### TASK DIRECTIONS
An exact transcription is needed of the lines below from the one with "warrior cats clan gen game :')" through the one with "Evin duvarları ve", with no other lines and no pictures.

### DATA EXTRACTS
>>>

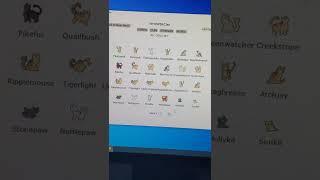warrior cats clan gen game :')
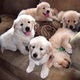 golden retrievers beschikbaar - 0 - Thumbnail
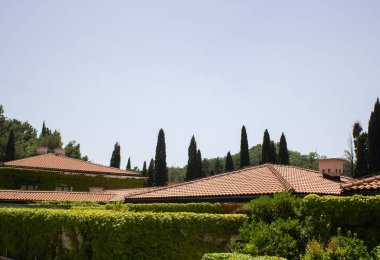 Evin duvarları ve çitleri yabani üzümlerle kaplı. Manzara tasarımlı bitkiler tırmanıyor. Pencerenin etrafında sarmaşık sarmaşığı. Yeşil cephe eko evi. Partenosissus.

<<<
>>>

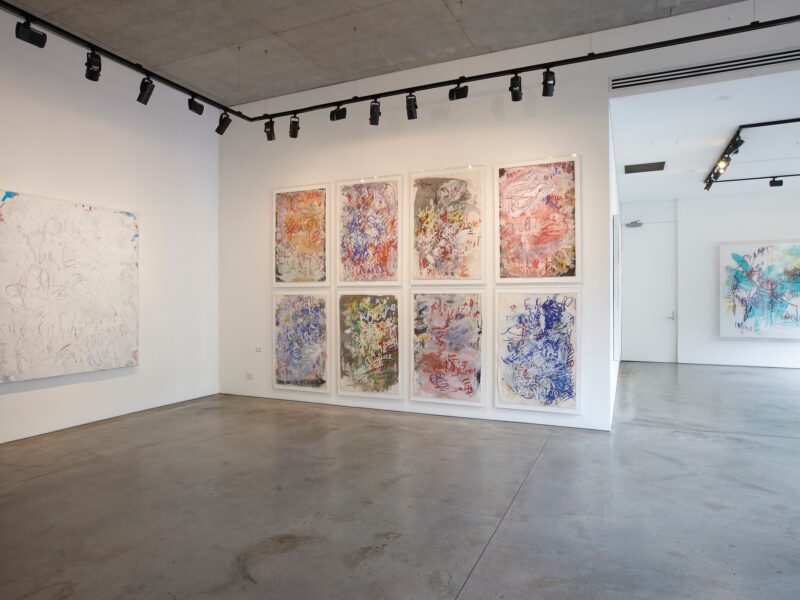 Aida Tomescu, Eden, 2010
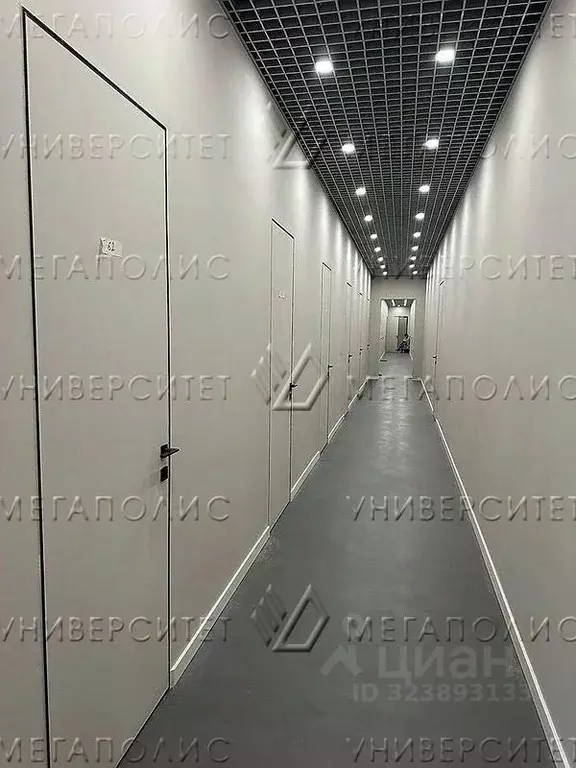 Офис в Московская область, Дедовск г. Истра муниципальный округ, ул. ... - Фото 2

<<<
>>>

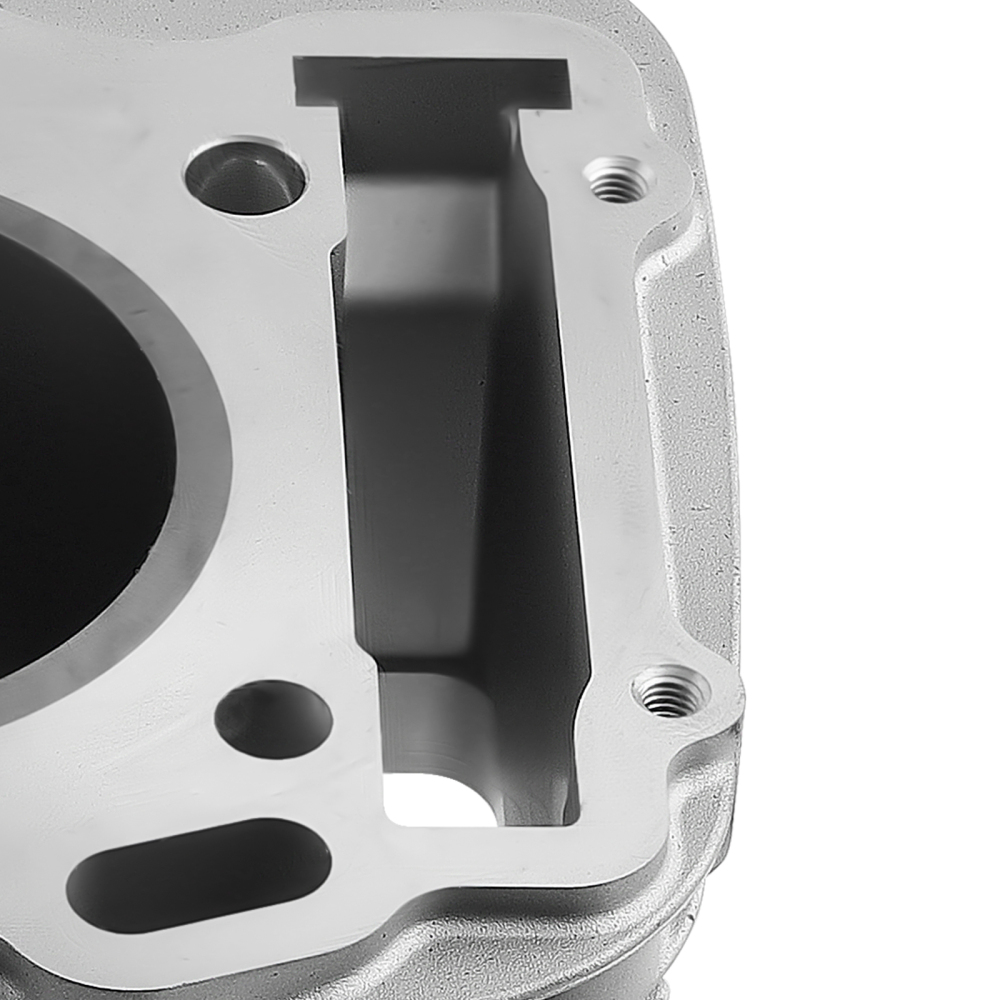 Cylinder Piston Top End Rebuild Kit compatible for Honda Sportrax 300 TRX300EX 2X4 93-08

<<<

### SOLUTION BELOW
warrior cats clan gen game :')
 golden retrievers beschikbaar - 0 - Thumbnail
 Evin duvarları ve çitleri yabani üzümlerle kaplı. Manzara tasarımlı bitkiler tırmanıyor. Pencerenin etrafında sarmaşık sarmaşığı. Yeşil cephe eko evi. Partenosissus.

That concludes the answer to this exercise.